INPUT DATA below:

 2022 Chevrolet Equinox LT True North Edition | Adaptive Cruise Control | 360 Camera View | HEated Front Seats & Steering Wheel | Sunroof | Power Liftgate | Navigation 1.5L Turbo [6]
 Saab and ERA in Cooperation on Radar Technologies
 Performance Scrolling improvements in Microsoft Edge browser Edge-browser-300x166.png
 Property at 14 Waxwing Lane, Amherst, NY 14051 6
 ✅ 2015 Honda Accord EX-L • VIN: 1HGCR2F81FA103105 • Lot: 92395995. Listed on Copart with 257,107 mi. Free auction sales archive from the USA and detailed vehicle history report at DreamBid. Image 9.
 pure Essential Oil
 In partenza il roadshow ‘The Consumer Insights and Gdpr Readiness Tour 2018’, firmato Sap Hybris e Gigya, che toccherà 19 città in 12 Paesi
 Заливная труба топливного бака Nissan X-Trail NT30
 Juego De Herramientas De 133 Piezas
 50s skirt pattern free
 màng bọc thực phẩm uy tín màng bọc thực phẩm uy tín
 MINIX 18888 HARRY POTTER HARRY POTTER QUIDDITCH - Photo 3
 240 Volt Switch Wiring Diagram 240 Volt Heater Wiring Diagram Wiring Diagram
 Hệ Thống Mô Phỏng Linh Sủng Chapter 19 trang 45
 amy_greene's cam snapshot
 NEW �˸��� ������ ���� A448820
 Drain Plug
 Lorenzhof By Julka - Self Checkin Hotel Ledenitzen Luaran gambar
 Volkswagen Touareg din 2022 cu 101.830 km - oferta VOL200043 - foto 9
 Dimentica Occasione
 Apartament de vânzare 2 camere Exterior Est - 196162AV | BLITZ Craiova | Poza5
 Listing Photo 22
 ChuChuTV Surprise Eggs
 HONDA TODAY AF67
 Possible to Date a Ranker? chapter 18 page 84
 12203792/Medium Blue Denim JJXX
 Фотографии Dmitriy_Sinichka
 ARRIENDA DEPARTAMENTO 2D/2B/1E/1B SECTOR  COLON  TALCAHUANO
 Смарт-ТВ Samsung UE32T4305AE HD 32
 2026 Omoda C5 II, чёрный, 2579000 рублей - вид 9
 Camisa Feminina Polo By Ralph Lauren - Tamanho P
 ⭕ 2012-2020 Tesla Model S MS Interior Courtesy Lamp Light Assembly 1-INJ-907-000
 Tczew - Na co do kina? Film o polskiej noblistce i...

End of INPUT DATA.

WORK ORDER:
Set down, unchanged, the line that contains "ChuChuTV Surprise Eggs" together with every later line in the records, through the last one.

YOUR SOLUTION:
 ChuChuTV Surprise Eggs
 HONDA TODAY AF67
 Possible to Date a Ranker? chapter 18 page 84
 12203792/Medium Blue Denim JJXX
 Фотографии Dmitriy_Sinichka
 ARRIENDA DEPARTAMENTO 2D/2B/1E/1B SECTOR  COLON  TALCAHUANO
 Смарт-ТВ Samsung UE32T4305AE HD 32
 2026 Omoda C5 II, чёрный, 2579000 рублей - вид 9
 Camisa Feminina Polo By Ralph Lauren - Tamanho P
 ⭕ 2012-2020 Tesla Model S MS Interior Courtesy Lamp Light Assembly 1-INJ-907-000
 Tczew - Na co do kina? Film o polskiej noblistce i...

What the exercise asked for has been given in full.